_Problem statement_
Reproduce the listing exactly, with no pictures in your copy.

_Source material_
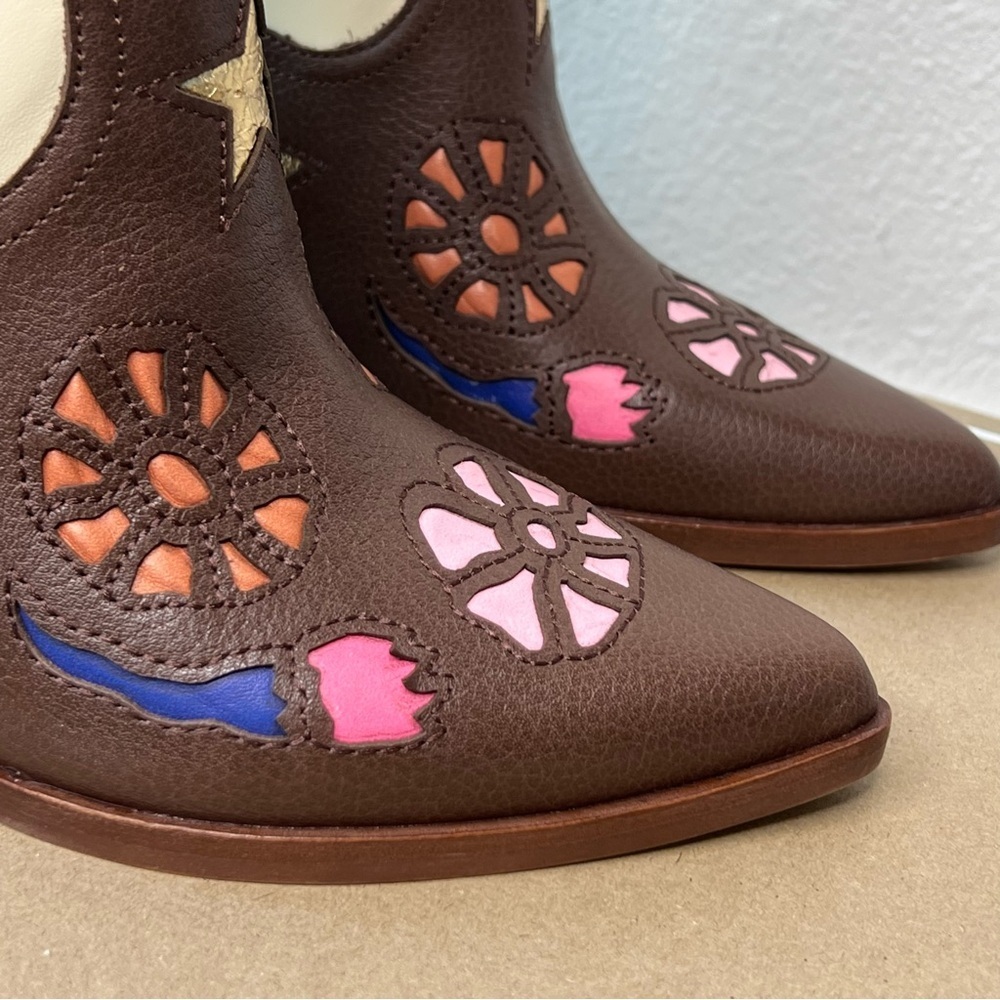 Dolce Vita Floral Cutout Western Cowboy Boots Heeled Leather 7.5 NWT - Picture 7 of 8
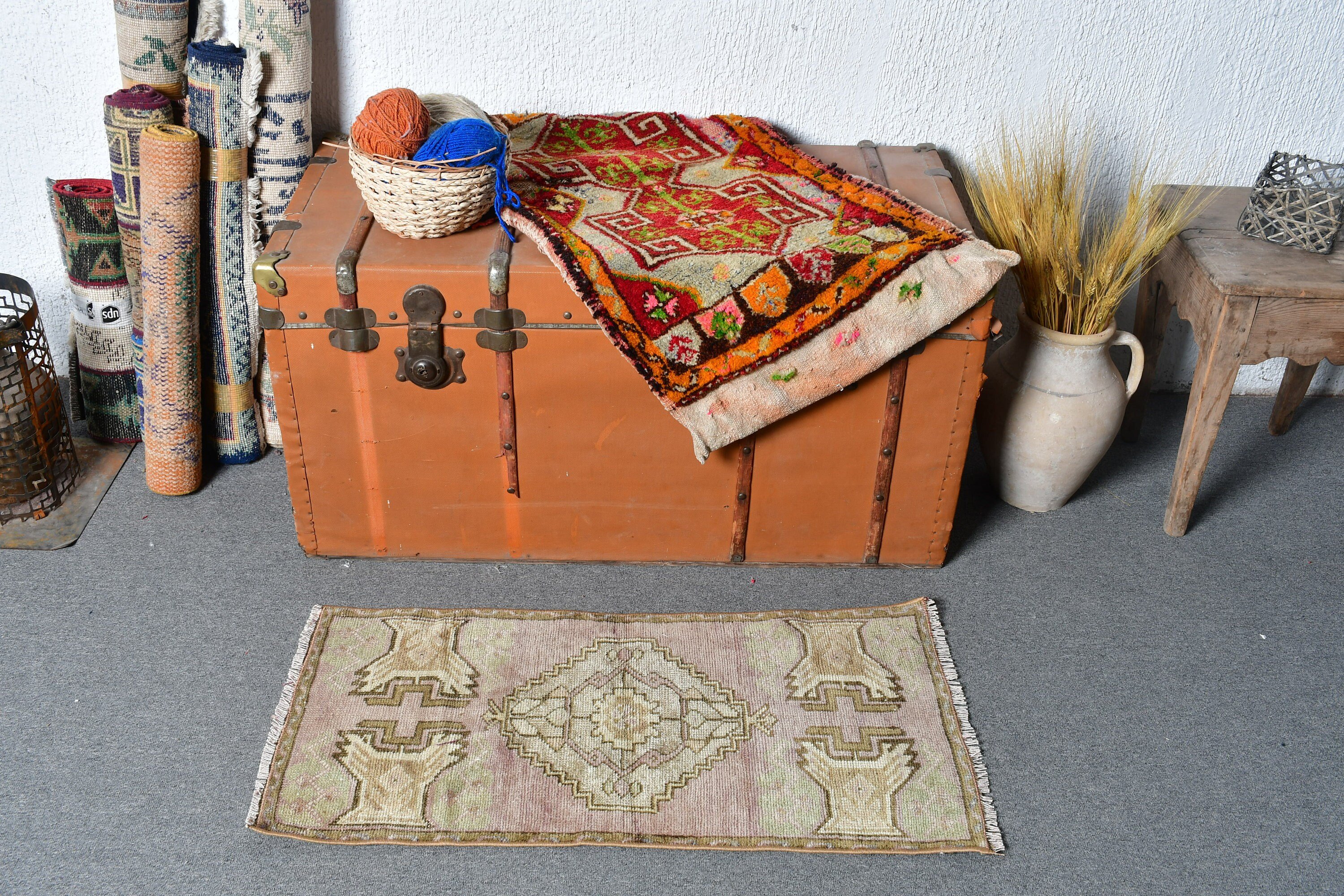 Vintage Rug, Bath Rug, Anatolian Rug, Bedroom Rug, Rugs for Car Mat, Turkish Rug, Wool Rug, 1.4x2.9 ft Small Rugs, Brown Oriental Rug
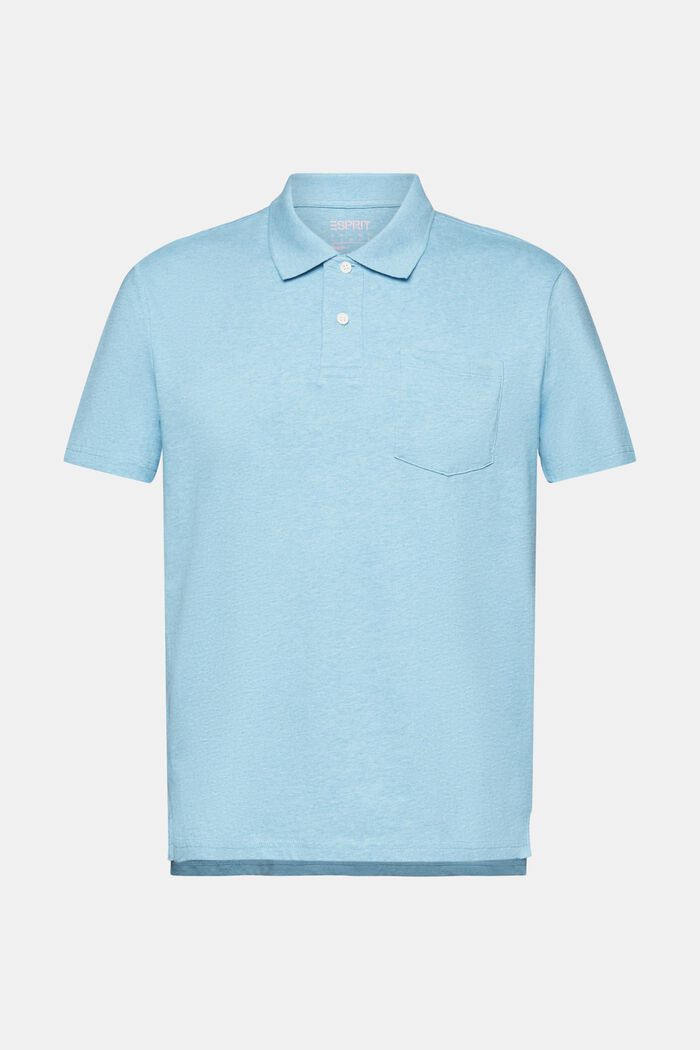 Polo chiné, LIGHT TURQUOISE, detail image number 5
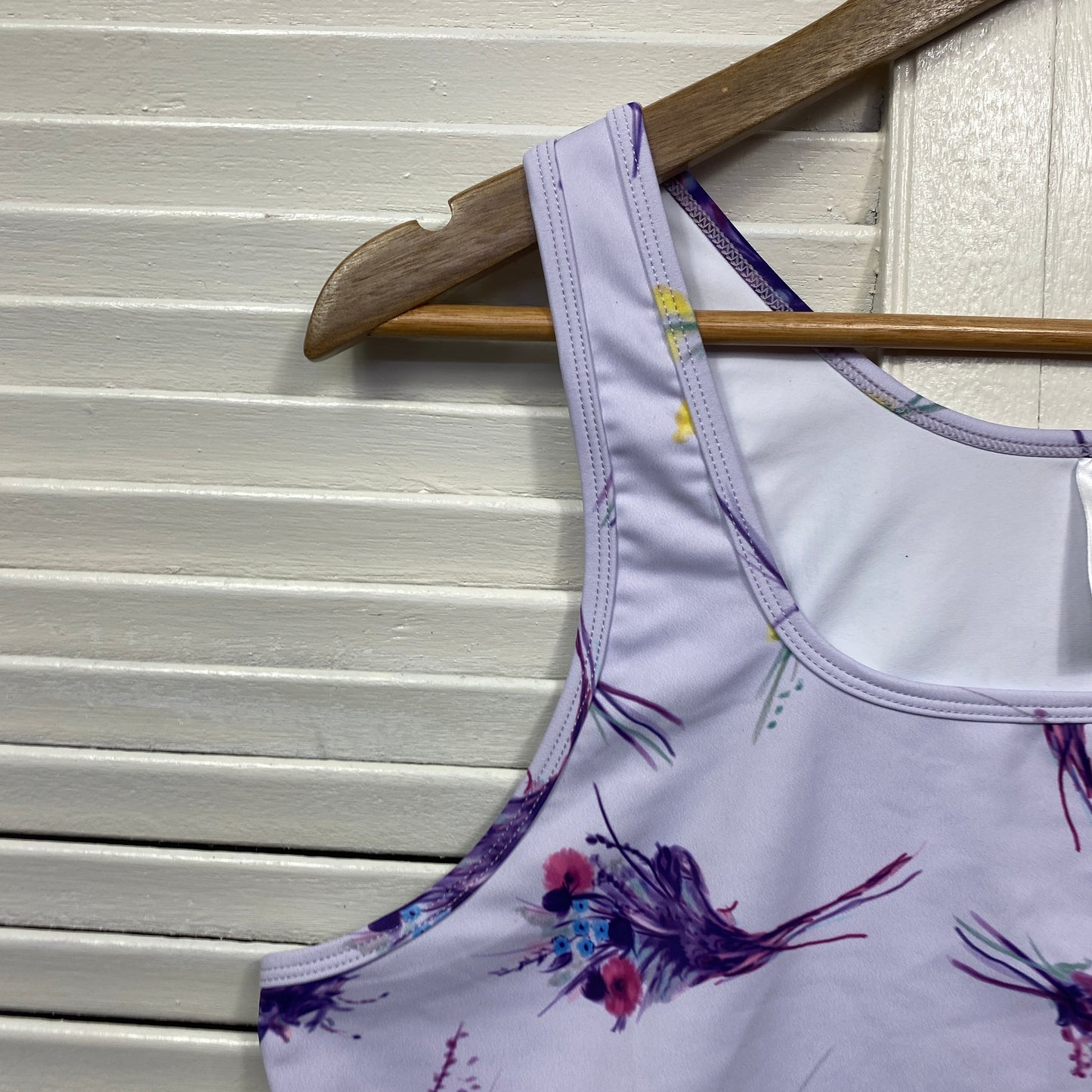 Stax Crop Top Activewear Bra Top Size 16 18 2XL Purple Floral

_Exercise output_
 Dolce Vita Floral Cutout Western Cowboy Boots Heeled Leather 7.5 NWT - Picture 7 of 8
 Vintage Rug, Bath Rug, Anatolian Rug, Bedroom Rug, Rugs for Car Mat, Turkish Rug, Wool Rug, 1.4x2.9 ft Small Rugs, Brown Oriental Rug
 Polo chiné, LIGHT TURQUOISE, detail image number 5
 Stax Crop Top Activewear Bra Top Size 16 18 2XL Purple Floral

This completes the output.